Listen to what Jesus said: “When the Son of Man comes in his glory, and all the angels with him, he will sit on his throne in heavenly glory. All the nations will be gathered before him, and he will separate the people one from another as a shepherd separates the sheep from the goats. He will put the sheep on his right and the goats on his left. . . . Then they will go away to eternal punishment, but the righteous to eternal life” (Matt. 25:31-33, 46).
A Call to Confess Christ
Confession is not optional for a Christian. Jesus said, “Whoever acknowledges me before men, I will also acknowledge him before my Father in heaven. But whoever disowns me before men, I will disown him before my Father in heaven” (Matt. 10:32-33). Confess now. Confess before men, especially before unbelievers, that they may hear and believe.
Confess him at home. Confess him at baptism. Confess him in worship. Confess him at work. Confess him at school. Confess before enemies and don’t worry if you are persecuted for your confession. Confess when you are tempted. Joseph said, “How . . . could I do such a wicked thing and sin against God?” (Gen. 39:9). Daniel also confessed when tempted. When Satan tempted Jesus, the Son of God told the devil, “It is written.” John writes, “They overcame him by the blood of the Lamb and the word of their testimony” (Rev. 12:11). Speak about Christ when it matters. Confess in severe trials, which are coming. Muster all the strength that the Holy Spirit will give you to say, “Jesus Christ is Lord.” Above all, confess at death, as Paul did: “For I am already being poured out like a drink offering, and the time has come for my departure. I have fought the good fight, I have finished the race, I have kept the faith. Now there is in store for me the crown of righteousness, which the Lord, the righteous Judge, will award to me on that day-and not only to me, but also to all who have longed for his appearing” (2 Tim. 4:6-8). After making his confession, the apostle walked out and was beheaded. Confess as David Livingstone, a missionary to Africa, did after laboring for many years. When he was about to die, he said, “Build me a hut to die in, for I am going home.”4
We must confess the true confession, because there are false confessors in the church. Many people have been received into church membership because of the confession they made, only later to break their word. Of such people the Lord says: “These people come near to me with their mouth and honor me with their lips, but their hearts are far from me. Their worship of me is made up only of rules taught by men” (Isa. 29:13). Jesus also described them: “Many will say to me on that day, ‘Lord, Lord, did we not prophesy in your name, and in your name drive out demons and perform many miracles?’ Then I will tell them plainly, ‘I never knew you. Away from me, you evildoers!'” (Matt. 7:22-23). And Paul writes, “They claim to know God, but by their actions they deny him. They are detestable, disobedient and unfit for doing anything good” (Tit. 1:16). John says, “If we claim to have fellowship with him yet walk in the darkness, we lie and do not live by the truth” (1 John 1:6).

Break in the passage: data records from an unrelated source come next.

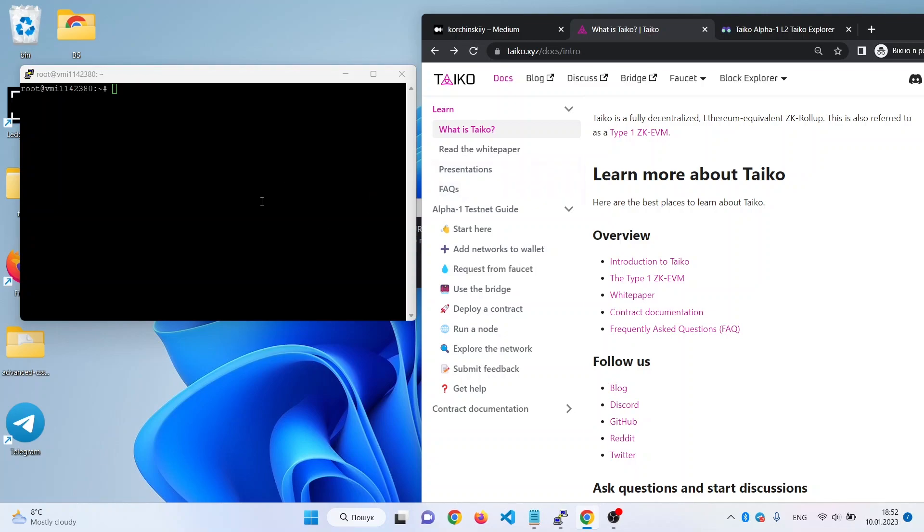First of all, we need Linux to deploy the contract. You can also deploy the contract on Windows, but we will not do that today.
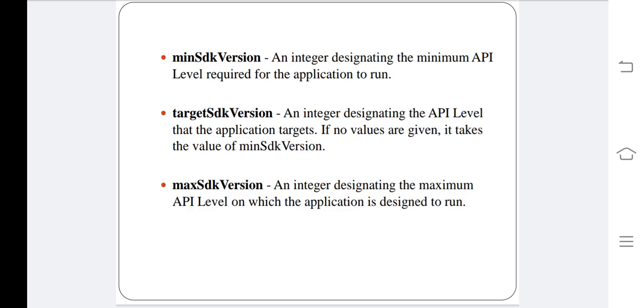maxSdkVersion is also an integer designating the maximum API level on which the application is designed to run.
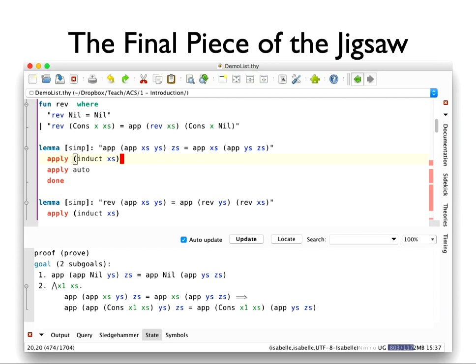Isabelle has a thing called a simplifier — we look at it in more detail next time. The simplifier uses known facts and identities to simplify things you're trying to prove. You have to ask for it by typing 'auto' or 'simp'. When I put the keyword 'simp' in square brackets after a lemma, I'm saying: whenever you see the function app nested as on the left side, replace it with app as on the right side. The simplifier will then do that missing step and the proof that previously failed will now succeed.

Authentic faith and confession save us; but false faith and confession will send us to eternal punishment. We cannot be secret disciples. Jesus said, “In the same way, let your light shine before men, that they may see your good deeds and praise your Father in heaven” (Matt. 5:16). Do not cover your light under a bushel. You are the light of the world. Let your light shine in darkness. For there is no other light in the world.
We are saved, we are being saved, and we will be saved. Paul states, “For in this hope we were saved” (Rom. 8:24). He also writes, “For the message of the cross is foolishness to those who are perishing, but to us who are being saved it is the power of God” (1 Cor. 1:18). Elsewhere he says, “Since we have now been justified by his blood, how much more shall we be saved from God’s wrath through him! For if, when we were God’s enemies, we were reconciled to him through the death of his Son, how much more, having been reconciled, shall we be saved through his life!” (Rom. 5:9-10). Notice the three tenses of salvation: saved, being saved, and will be saved.

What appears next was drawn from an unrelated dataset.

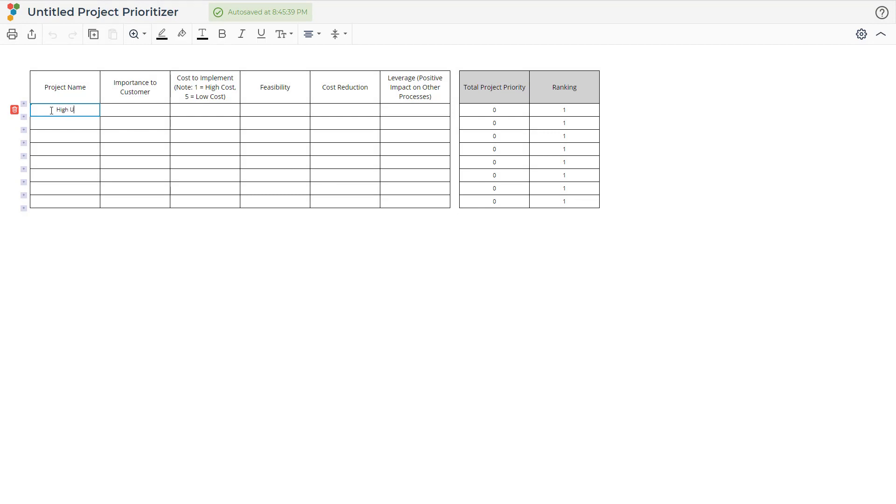For this example, we will be looking at a local bank which wants to make improvements but has a large number of areas where they could focus their time.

The saved will live a holy life, a life of obedience to God. They are not antinomians; rather, they will prove their repentance and faith by obedience. Christian antinomianism as championed by Lewis Sperry Chafer, Charles C. Ryrie, and Zane C. Hodges,5 professors of Dallas Theological Seminary, is a different gospel.6 But a different gospel cannot save anyone. It is easy believism; it is cheap grace. It is a gospel that demands no repentance, discipleship, or obedience-not even one obedient act.

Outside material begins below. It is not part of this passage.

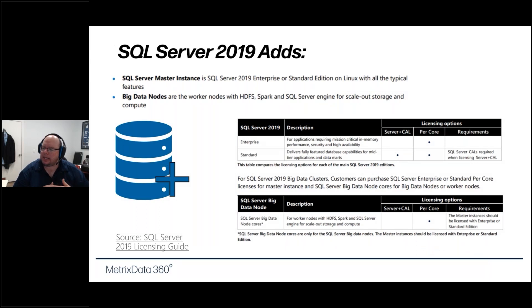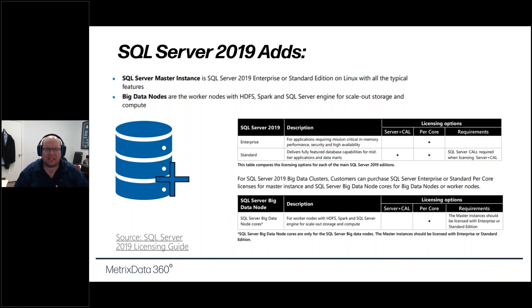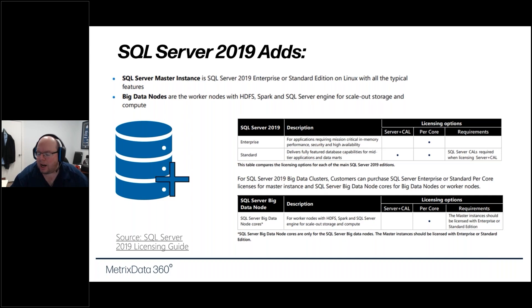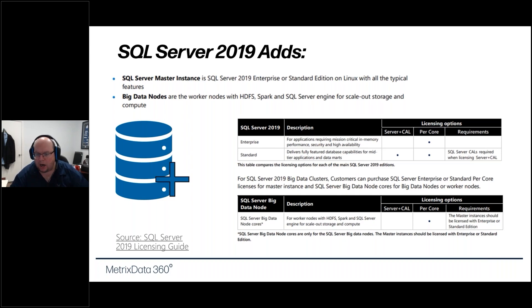In the 2019 edition, they've added another — I don't want to call it another edition because it is licensed as SQL Enterprise or Standard — but they have added a big data version of SQL. That is licensed where the master is licensed either with SQL Standard or Enterprise edition, and then they have these big data node licenses for the nodes when you're in a big data architecture.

Antinomianism says, “Let him who stole now steal more; after all, he is saved.” It teaches that mere mental assent-an intellectual belief in the facts of the life of Jesus-is all we need for salvation; we do not need to entrust ourselves to Christ. It is a “both/and” philosophy, declaring that one can both live in sin and go to heaven. It says that one can live as the rich man here and as Lazarus in heaven (Luke 16). It allows those who like to sin to adjust their theology by subtracting holy living from the gospel. In fact, it says there is no necessity for regeneration. One can be eternally saved even with a dead faith, or if he or she becomes an apostate. Some Protestants and Catholics even believe in a perverse universalism, saying that everyone without exception is saved. They would say that all people, even people like Hitler, Stalin, and Mao, are united to Christ, even though they are unconscious of it.7
Man’s way of salvation is a lie. Listen to the godly Robert Haldane, whom God used to bring a revival in Switzerland: “If a man does not confess Christ at the hazard of life, character, property, liberty, and everything dear to him, he has not the faith of Christ.”8 Professor John Murray agrees: “Confession without faith would be vain . . . But likewise faith without confession would be shown to be spurious.”9
Friends, the word is near you. No one who has read this can say, “I didn’t hear it.” The word is near you. It is coming to you. Believe and confess our Lord Jesus Christ, and you will be saved.
1 Pelagius (354-420/440 AD) did not believe in the thoroughly fallen nature of man.
2 Charles Hodge, A Commentary on Romans (Edinburgh: Banner of Truth, 1989), 344.
3 C. E. B., Romans: A Shorter Commentary (Grand Rapids: Eerdmans, 1992), 259.
4 James M. Boice, Romans, Vol. 3, God and History, Chapters 9-11 (Grand Rapids: Baker, 1993), 1211.
5 See Lewis Sperry Chafer, He That Is Spiritual, rev. ed.; Charles Caldwell Ryrie,Balancing the Christian Life; and Zane Hodges, The Gospel Under Siege, Dead Faith: What Is It? and Absolutely Free!
6 See the analysis of this false gospel by Dr. J. M. Boice in, Romans, Vol. 3: God and History, Chapters 9-11 (Grand Rapids: Baker, 1993), pp. 1197-1212.
7 Papal Encyclical Redemptor Hominis, paragraph 14: “Man-every man without any exception whatever-has been redeemed by Christ, and because with man-with each man without any exception whatever-Christ is in a way united, even when man is unaware of it: “Christ, who died and was raised up for all, provides man”-each man and every man- “with the light and the strength to measure up to his supreme calling” (http://www.vatican.va/holyfather/johnpaulii/encyclicals/documents/hfjp-iienc04031979redemptor-hominisen.html)
8 Robert Haldane, Exposition of the Epistle to the Romans (Edinburgh: Banner of Truth, 1996), 508.
9 John Murray, The Epistle to the Romans, Vol. 2 (Grand Rapids: Eerdmans, 1979), 56.